§ **Prompt**: Beginning with the line that holds "华丹尼威廉希尔中文官网", write out each line exactly as it stands until the end of the data, and include no pictures.

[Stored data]
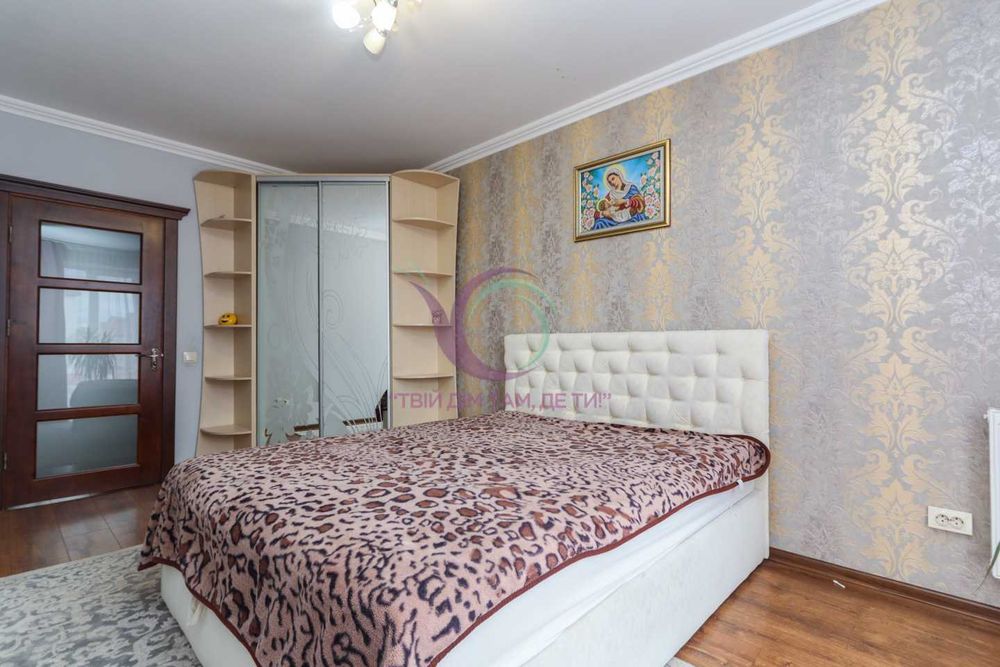 2-к. квартира з і/о, ремонтом та меблями за вул. Миколайчука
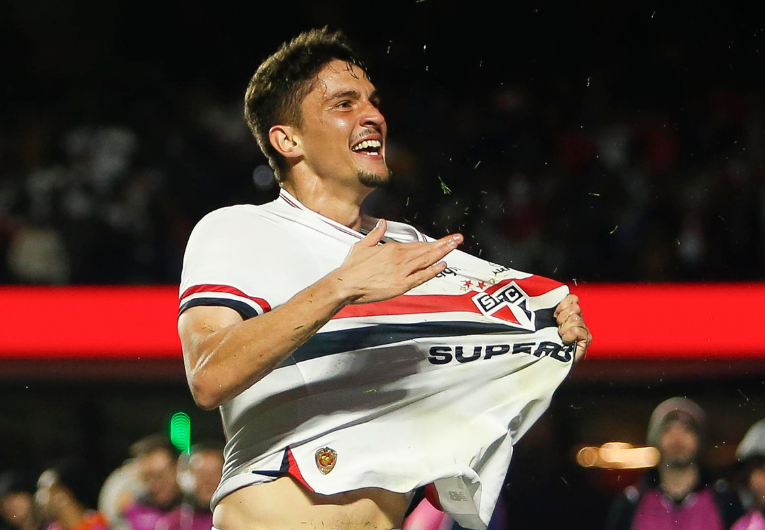 imagem da materia: Pablo Maia volta a disputar titularidade no São Paulo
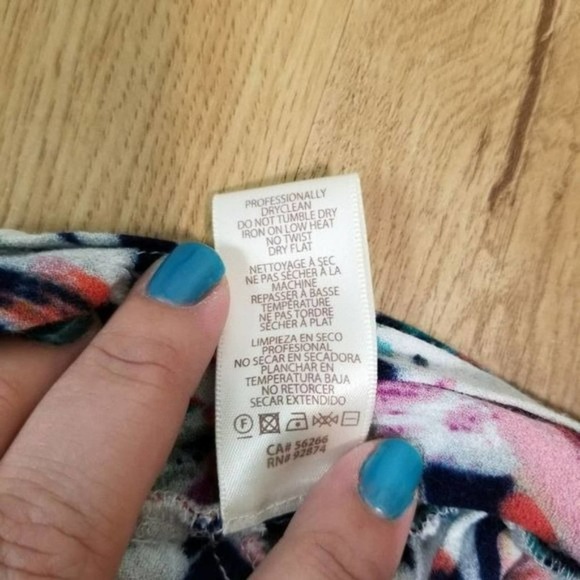 Ella Moss Tahiti Garden Hawaiian Floral Print Pleated Shorts Size Large - Picture 7 of 8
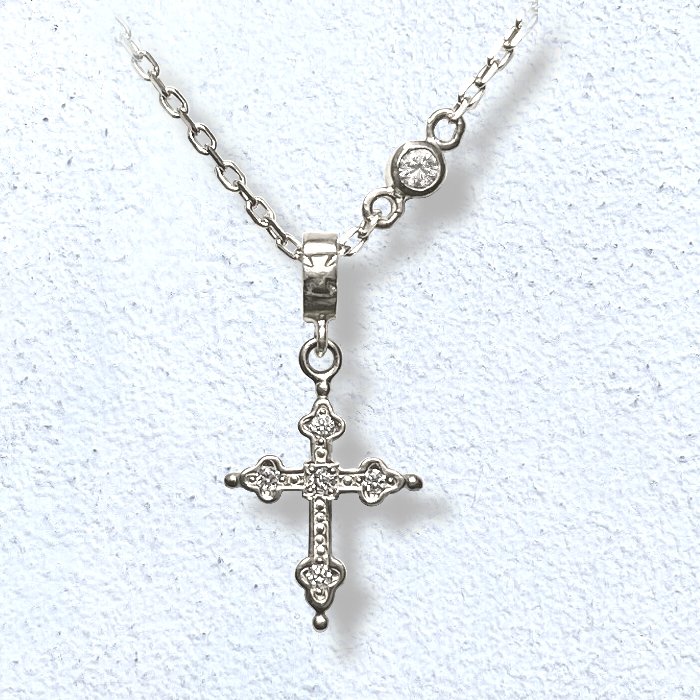 PETITE GOTHIC CROSS NECKLACE Platinum / DIAMONDS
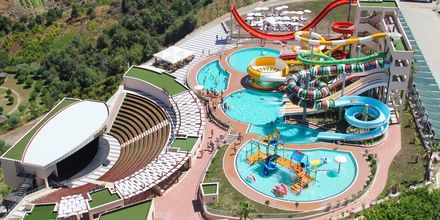 Vesipuisto ja amfiteatteri, Goldcity Holiday Resort. Alanya, Turkki.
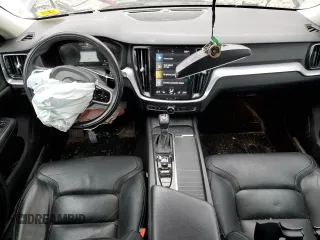2020 Volvo V60 z VIN YV4102WK8L1036510, wystawiony jako Copart lot #42161564 z przebiegiem 60 647 mil mil oraz . Historia ofert i sprzedaży dostępna na DreamBid. Obrazek 8.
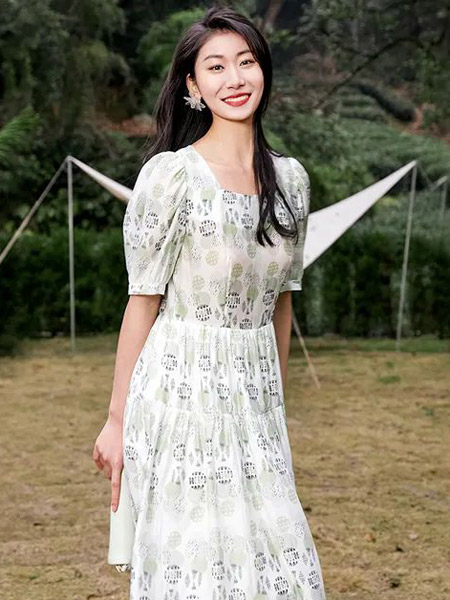 华丹尼威廉希尔中文官网
威廉希尔中文网
2022夏季绿色韩版淑女快时尚休闲森系小清新女神名媛收腰连衣裙
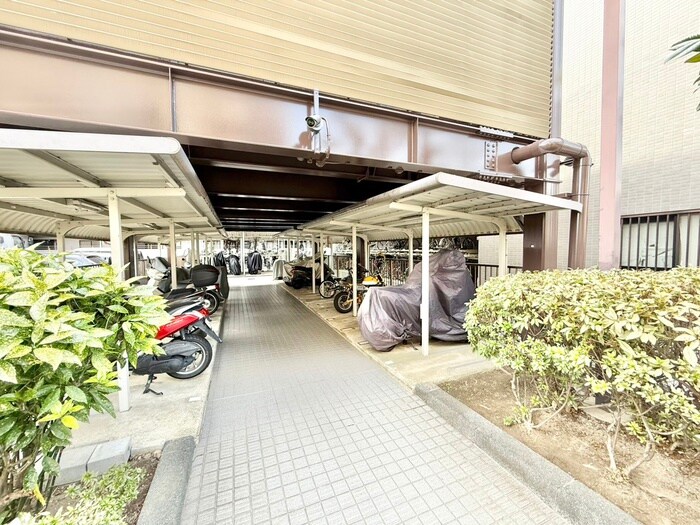 パデシオン宇治木幡（３０１）の物件外観写真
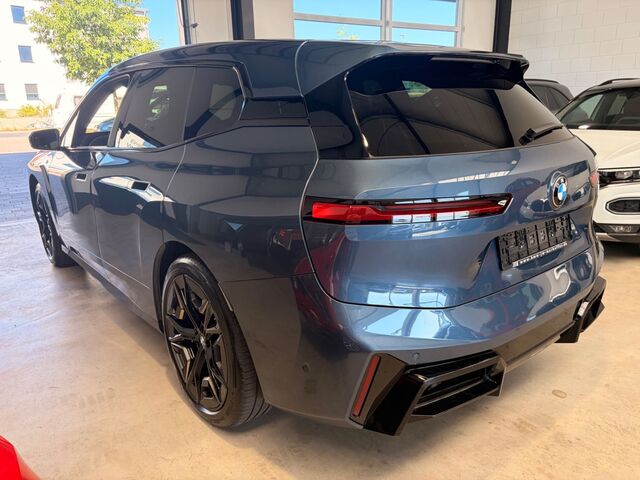 BMW iX xDrive45 MSportPro 23Z AHK B&W Suite Amido Ansicht 6 für Fahrzeugdetailseite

§ **Output below**:
 华丹尼威廉希尔中文官网
威廉希尔中文网
2022夏季绿色韩版淑女快时尚休闲森系小清新女神名媛收腰连衣裙
 パデシオン宇治木幡（３０１）の物件外観写真
 BMW iX xDrive45 MSportPro 23Z AHK B&W Suite Amido Ansicht 6 für Fahrzeugdetailseite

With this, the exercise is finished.